Single-parent housing center of fight between church, neighboring community
HOUSTON (KTRK) -- A housing fight is underway between a church in Meyerland and its neighbors. The church wants to help some single mothers, but some nearby residents don't think that's a good idea.
They say the plan could hurt the value of their homes and want the plan to build single-parent housing stopped. But there may not be much they can do about it.
A set of duplexes is being planned along west Bellfort near Balmforth. The program would allow carefully screened single parents to live in transitional housing for nine to 12 months before getting out on their own.
Nearby residents say it's a great a idea, but just not in their neighborhood.
The grassy, unassuming lot in Meyerland, sandwiched in between two churches, has neighbors at odds with the 56-year-old St. John's Presbyterian Church.
"There are a lot of single mothers who fit the criteria," Pastor Jon Burnham said.
"It's a good idea and I agree with that, it's a perfect idea, but we are concerned about our property," homeowner Pedro Navarro said.
St. John's is partnering with the Presbyterian Children's Homes and Services. They plan to construct four duplexes that will become transitional housing for the Houston Single Parent Family Program. It aims to help single parents get back on their feet, into full-time jobs and a home of their own.

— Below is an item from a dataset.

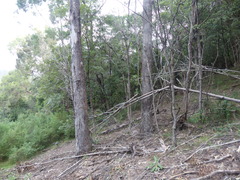 Eucalyptus bosistoana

A master's level social worker would be on-site full time overseeing the pre-screened mothers.
"There are a lot of single mothers who fit the criteria and who want to improve their lives, the lives of their children, but they just need a little help," Burnham said.
Though they understand the good intentions, homeowners directly behind the project are concerned about its long-term effects.
"See, everything when it's new looks good. But through the years, you never know what kind of people they are going to bring, so property might depreciate," Navarro said.
St. John's Presbyterian Church says they have already lined up a builder and just want to help single parents in need get to a new level in life.
"On out into their own apartment and with a job and with better parenting skills and a more stable family life and hope for a future," Burnham said.
The church says it already owns the lot and plans to move forward with a groundbreaking in mid 2013.